Immigration Crisis At Border Afflicts Heartland Harvest

By Ali Watkins, McClatchy Washington Bureau

WASHINGTON — The heated tempers of the nation’s border states are driving the debate over immigration policy. States farther away from the U.S.-Mexico border, though, are reckoning with a different set of challenges: a skimpy agriculture labor market and cumbersome immigrant-worker programs that go unfixed amid partisan gridlock on Capitol Hill.

More than 20,000 U.S. farms employ more than 435,000 immigrant workers legally every year, according to 2012 U.S. Department of Agriculture census data. Thousands — probably tens of thousands — more are employed illegally. Naturally, agricultural powerhouses near the border, such as Florida and California, employ tens of thousands of seasonal immigrant laborers every year. But deeper in the homeland, such as the fruit orchards of the Carolinas, farmers confront a blue-collar labor vacuum.

“Because we’re not a border state, it’s definitely harder to get people over this far from the border to work,” said Chalmers Carr, the owner of the East Coast’s largest peach grower, South Carolina’s Titan Farms. “2006, 2007, even 2008, we had a very robust economy and there were not enough farmworkers then. And there’s truly not enough farmworkers now, legal or illegal.”

South Carolina in particular has a unique view, having seen the greatest percentage increase in Hispanic population in the country from 2000 to 2010 — nearly 150 percent, according to the most recently available census data.

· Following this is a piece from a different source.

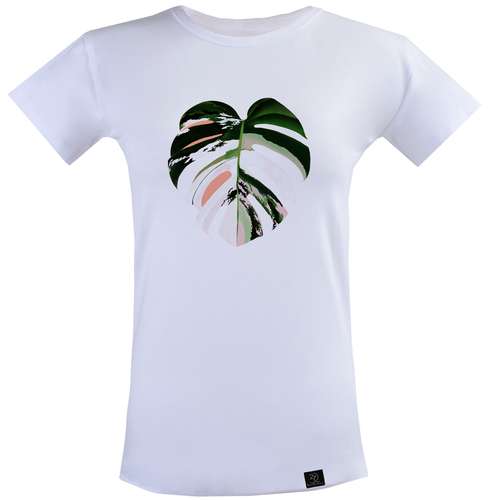تی شرت آستین کوتاه زنانه 27 مدل برگ انجیری کد Z11 رنگ سفید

Although its Hispanic population sits at a comparatively low 5.1 percent, the increase reflects decisions by immigrants to make the trek deeper into the United States. And while many are taking temporary seasonal work, the labor shortage has become a permanent issue for growers and workers alike.

“It’s not a temporary situation,” said Lynn Tramonte, the deputy director of America’s Voice, which focuses on changing immigration policy. “It might be a seasonal job, but we’re going to keep having grapes that need to be picked and cows that need to be milked, and immigrants are coming to do that sort of labor.”

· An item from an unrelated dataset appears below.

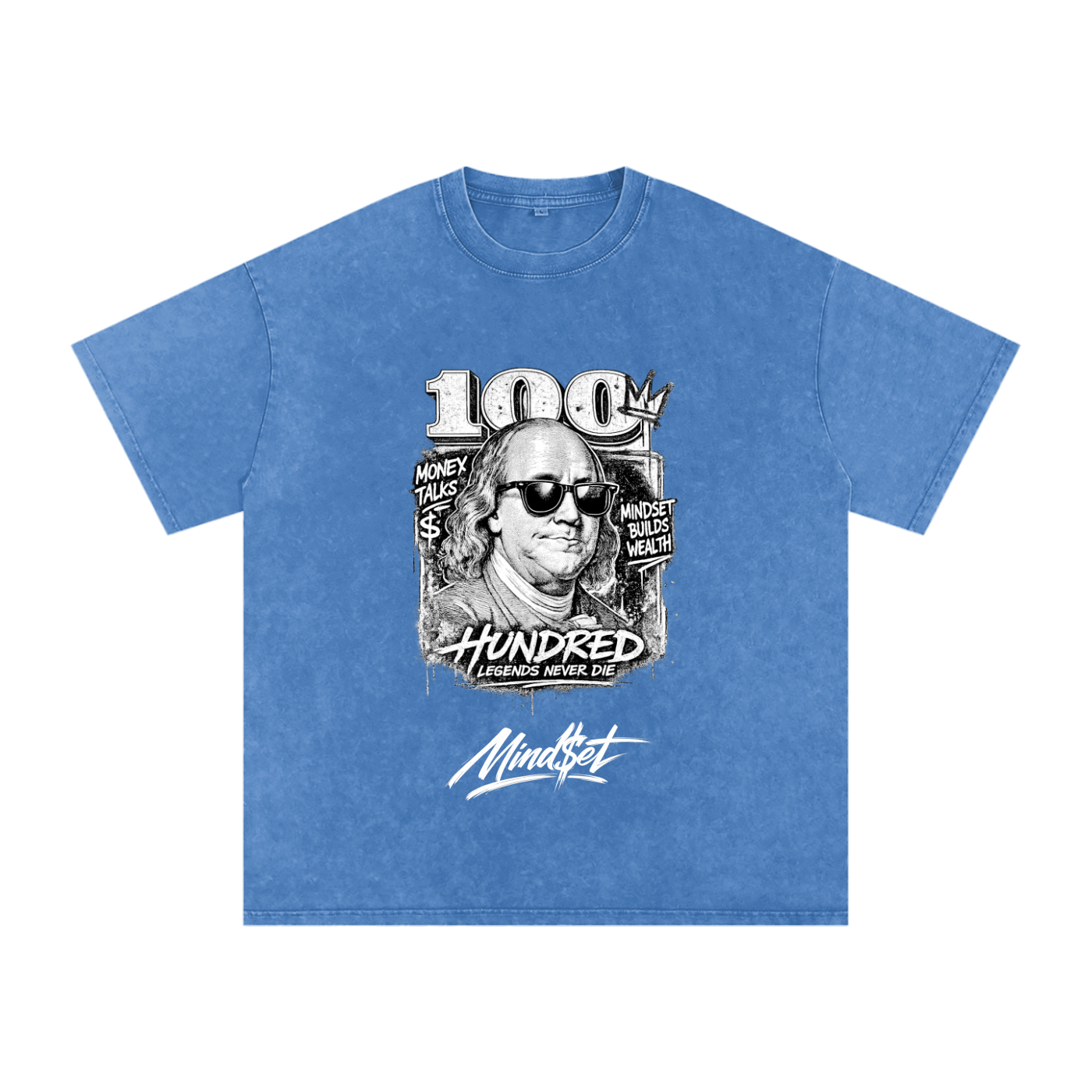 "Money Talks" Snow Washed Oversized 100% Cotton T-Shirt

Immigrant workers who slipped over the borders years ago are aging out of the workforce, and their younger, more able-bodied counterparts are being kept from the fields because of the bureaucratic clutter. But the crops and the growing season don’t wait.

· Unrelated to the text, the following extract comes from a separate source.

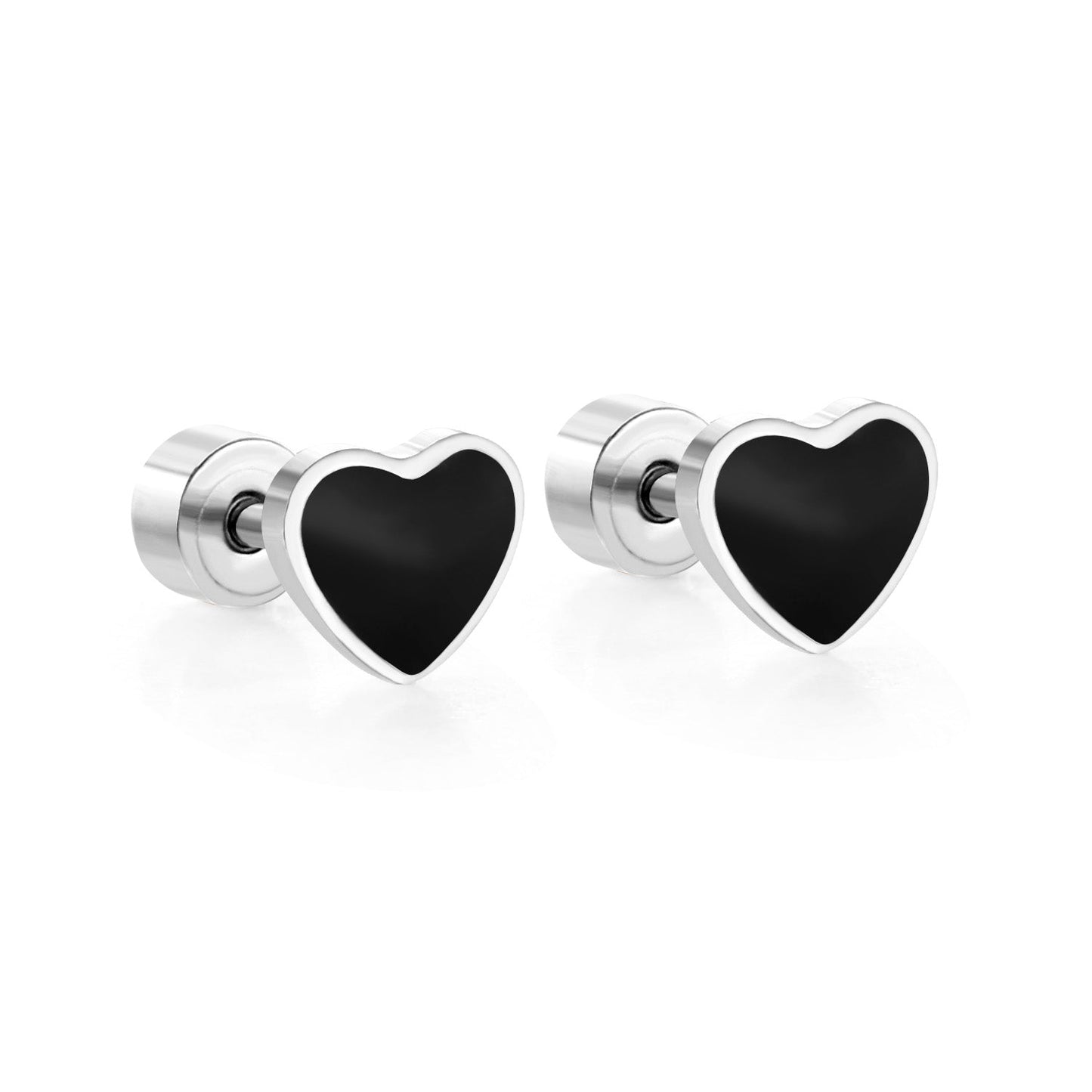 12 pairs 4mm round cake + 6mm drop black oil peach heart stud earrings steel color/gold color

“We’re losing that aging population, but we’re also not getting anybody replacing them because of the mess we have at the border and no immigration law,” said Manuel Cunha Jr., the president of California’s Nisei Farmers League, which represents over 180 types of farms, including those that produce raisins, vegetables, and flowers.

The trend certainly isn’t limited to the southern edges of the country either.

“In northern Ohio, we’re on the front lines, and it’s not because we’re on the northern border,” said Mark Gilson, the owner and operator of Gilson Gardens, a nursery in northeast Ohio, which relies largely on seasonal immigrant workers. “It’s because the agricultural jobs are here.”

The idea by those on the anti-immigration front that U.S. workers should fill those agriculture jobs is simply out of kilter with reality, the farmers say.

“I get lambasted for why do I hire migrant workers? Why don’t I hire Americans?” Carr said. “I can clearly tell you Americans aren’t out there willing to do these jobs.”